Apart from the huge increase in throughput, the HiSeq X system is the first and only Illumina system to use ordered arrays. Instead of clusters forming randomly on the surface of the flowcell, they will form in pre-defined wells, allowing Illumina much more control over the position and nature of the clusters, and easing image analysis.
The future for Illumina’s competitors
It will be really interesting to see how Life Technologies responds to Illumina’s latest developments. Their key advantage is speed, with the Ion Torrent platforms carrying out the sequencing component in hours rather than days. However, the throughput and cost-per-base do not match current Illumina platforms, never mind the new ones. To remain a viable business, Life Technologies, and its Ion Torrent platforms, must respond.
Pacific Biosciences’ SMRT technology has evolved significantly too and has become an essential tool for those wishing to close genomes, or sequence de novo new genomes.
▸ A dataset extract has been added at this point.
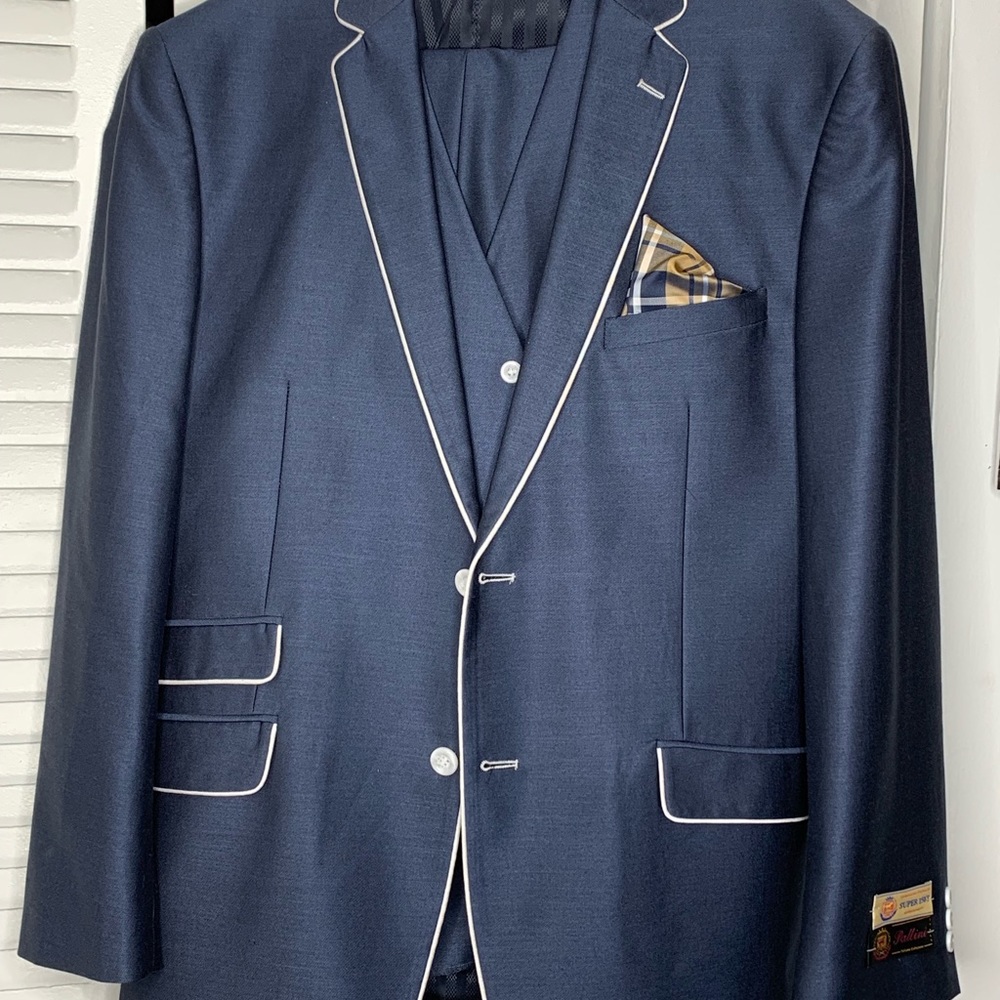 3 PC MENS DRESS SUIT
Intriguingly, Roche, a global health-care company, announced an agreement with Pacific Biosciences to develop DNA sequencing products for clinical diagnostics. This is not a space that Pacific Biosciences have been in up until now, and it is difficult to see how their RS II system can compete with Illumina and Ion Torrent in the clinic. Because of this, rumors of a new (benchtop?) PacBio machine abound on social media.
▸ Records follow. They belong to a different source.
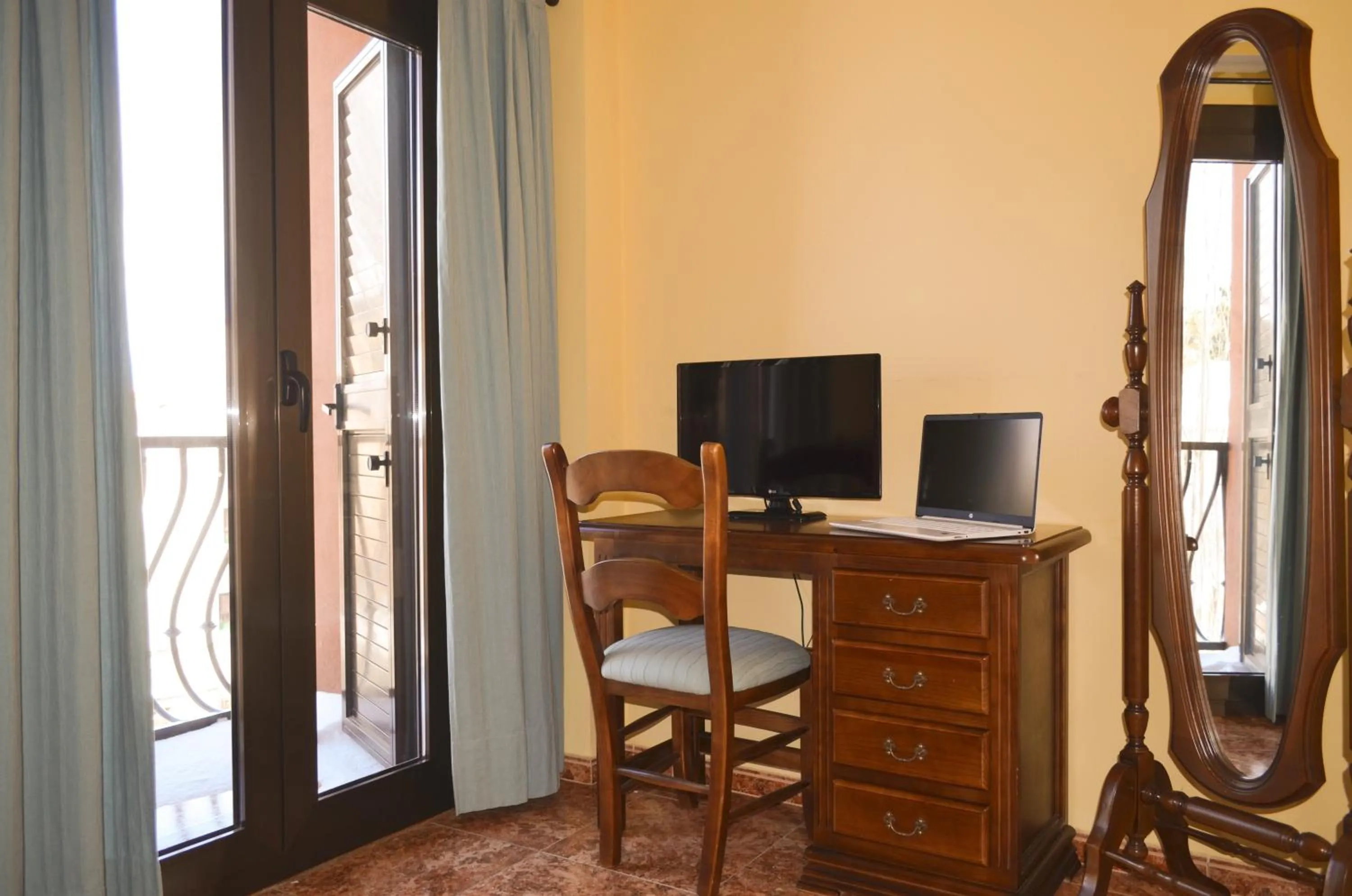 TV and multimedia in Hotel Suiza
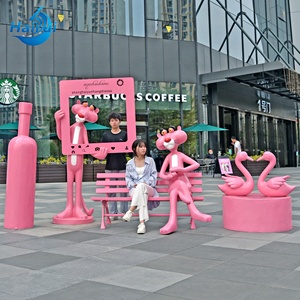 Statua in Vetroresina a Grandezza Naturale della Pantera Rosa, Figura Cartoon Personalizzata per Decorazione Esterna e Giardino - Product Image 3
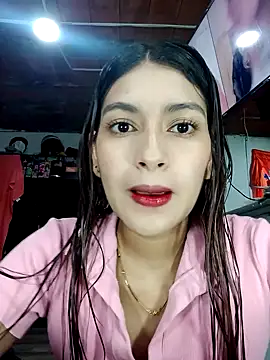 Snapshot of annie-19 chatting on 01.31.25 annie-19 online show from 01.31.25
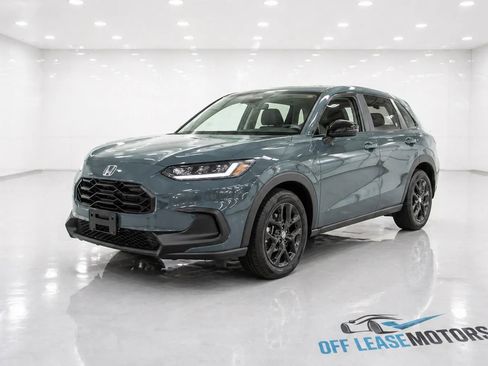 Used 2025 Honda HR-V Sport image 1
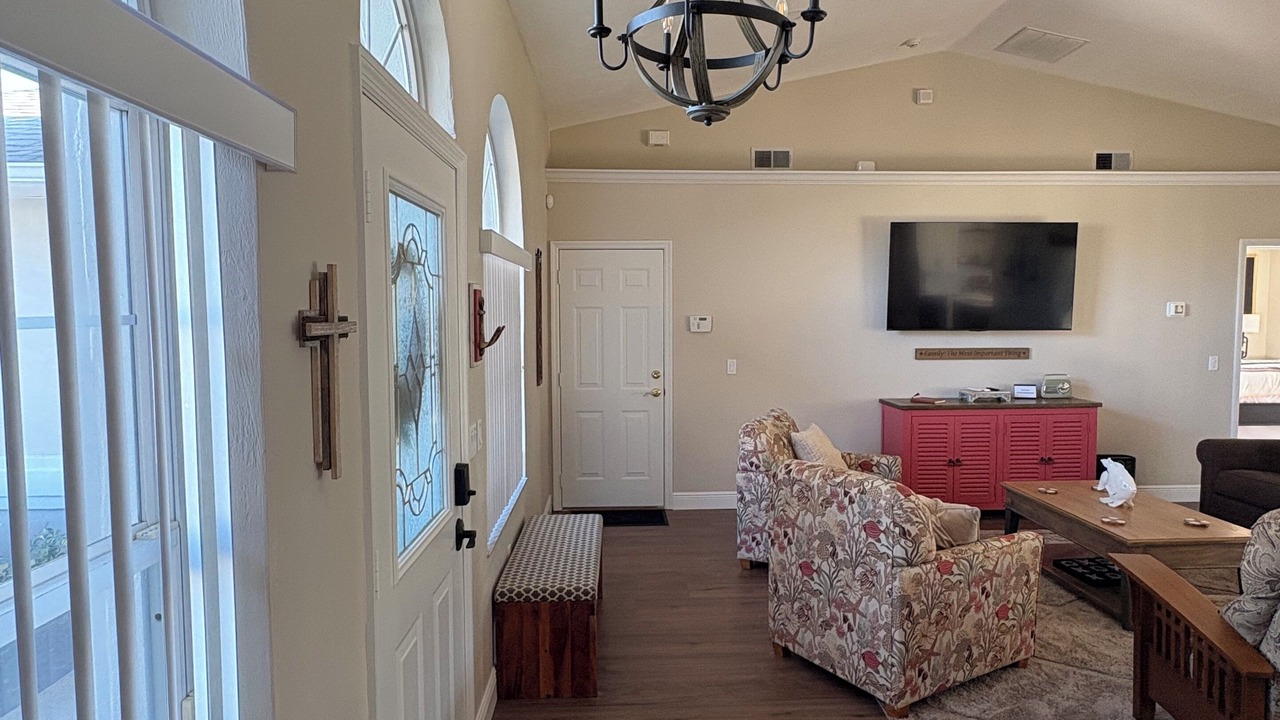 Photo of Livingroom in Palm Harbor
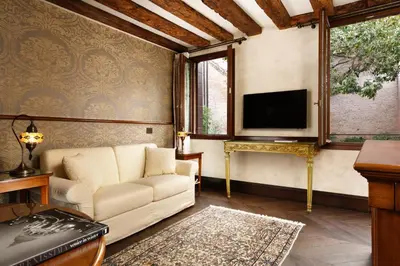 TV o dispositivi per l'intrattenimento presso Empress Theodora Apartments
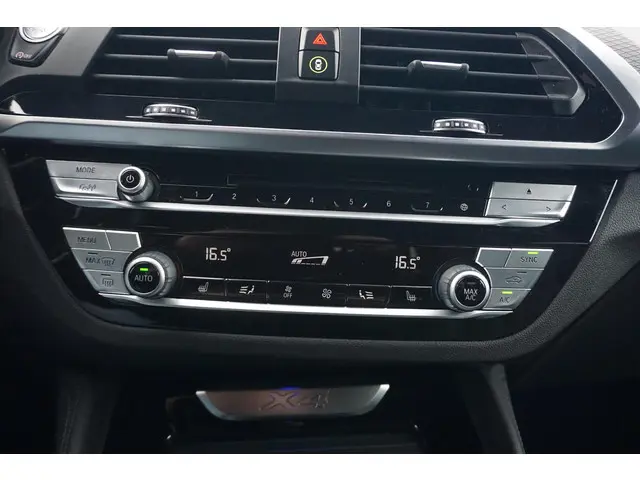 BMW X4 xDrive20i 2019 Benzine 20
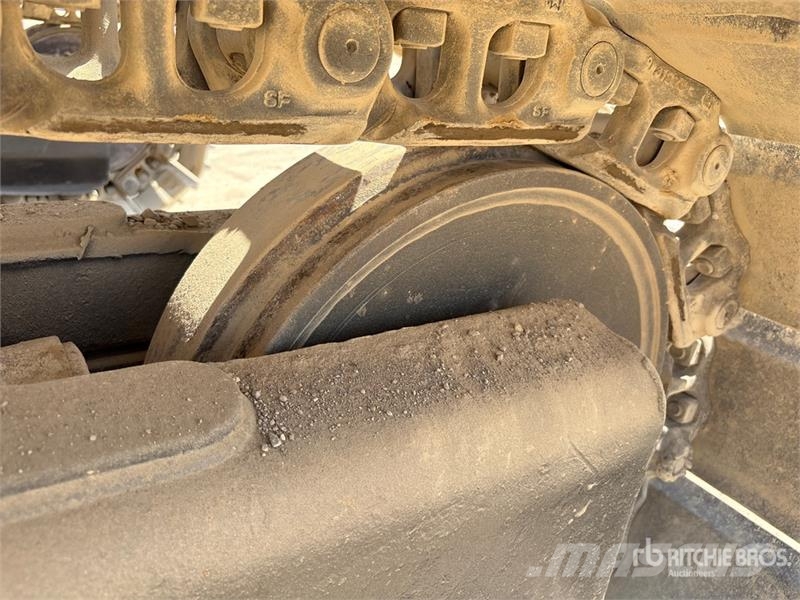 CAT 320D Tracked Excavator حفارات زحافة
For many, Oxford Nanopore Technologies, heir apparent to the sequencing crown, remain the future. The company recently opened up an early-access program for their USB sequencer, the MinION. At the AGBT conference, David Jaffe showed the first data from this platform. These are exciting times for nanopore-based sequencing, but there remain challenges – particularly in interpreting the signal and turning it into the ‘bases + quality scores’ paradigm that many are used to. In fact, to get the best out of the platform, many think a change to the above paradigm will need to happen, and software may need to interpret the raw signal rather than the traditional 4 bases. On his blog, Yaniv Erlich commented that ‘MinION is not a sequencing platform. It is a sequencing sensor.’ (his italics) and I think this is a key differentiator of the platform. It is the only platform that detects an actual single strand of DNA (rather than incorporation events as a template strand is copied), and it still astounds me to think that we are soon to have in our hands the very first mobile device capable of sequencing DNA – surely an historic moment. With that idea in mind, it is hard not to believe that nanopore-based sequencing is the future. Of course, Oxford Nanopore have competitors, but one look at their management team, followed by a look at their IP portfolio, and it is hard to imagine anyone being better placed to deliver on the promises of nanopore-based sequencing.